Der Hintergrund

Wer weiß schon, dass der Terminus „Betriebsärzte“ 1936 von Dr. Friedrich Bartels etabliert wurde, stellvertretender Reichsärzteführer und zweiter Mann im Hauptamt für Volksgesundheit der NSDAP ? Zu einem Zeitpunkt, als leistungsfähige Arbeitskräfte benötigt wurden, hoffte der neue Staat mit „verstärkter Tätigkeit auf dem Gebiet der gesundheitlichen Menschenführung“, verkürzt auf den Begriff der „Gesundheitsführung“ Menschen arbeitsfähig zu erhalten.

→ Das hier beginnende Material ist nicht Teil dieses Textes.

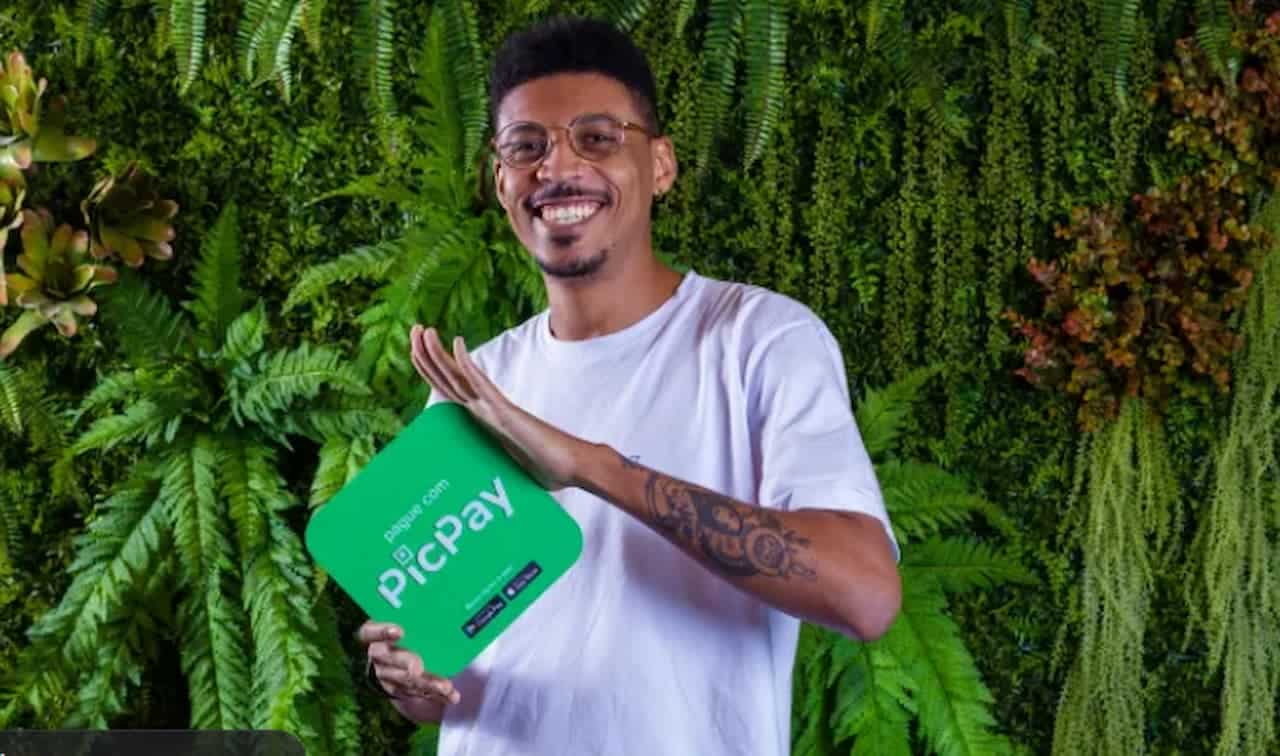 Moço segurando o logo do PicPay, com um fundo cheio de plantas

Dies konnten nur entsprechend trainierte Ärzte, die fest auf dem Boden der nationalsozialistischen Lehre standen. So mussten die „neuen Betriebsärzte“ Mitglieder des Nationalsozialistischen Deutschen Ärztebundes sein. Den etablierten staatlichen Gewerbeärzten, den Arbeitsmedizinern und Werksärzten bisheriger Provenienz sollte durch die „neuen Betriebsärzte“ keine Konkurrenz erwachsen. Ihre Aufgabe war es, vorbeugende, präventive Maßnahmen zu etablieren um die Zeitspanne der vollen Leistungsfähigkeit weiter anzuheben.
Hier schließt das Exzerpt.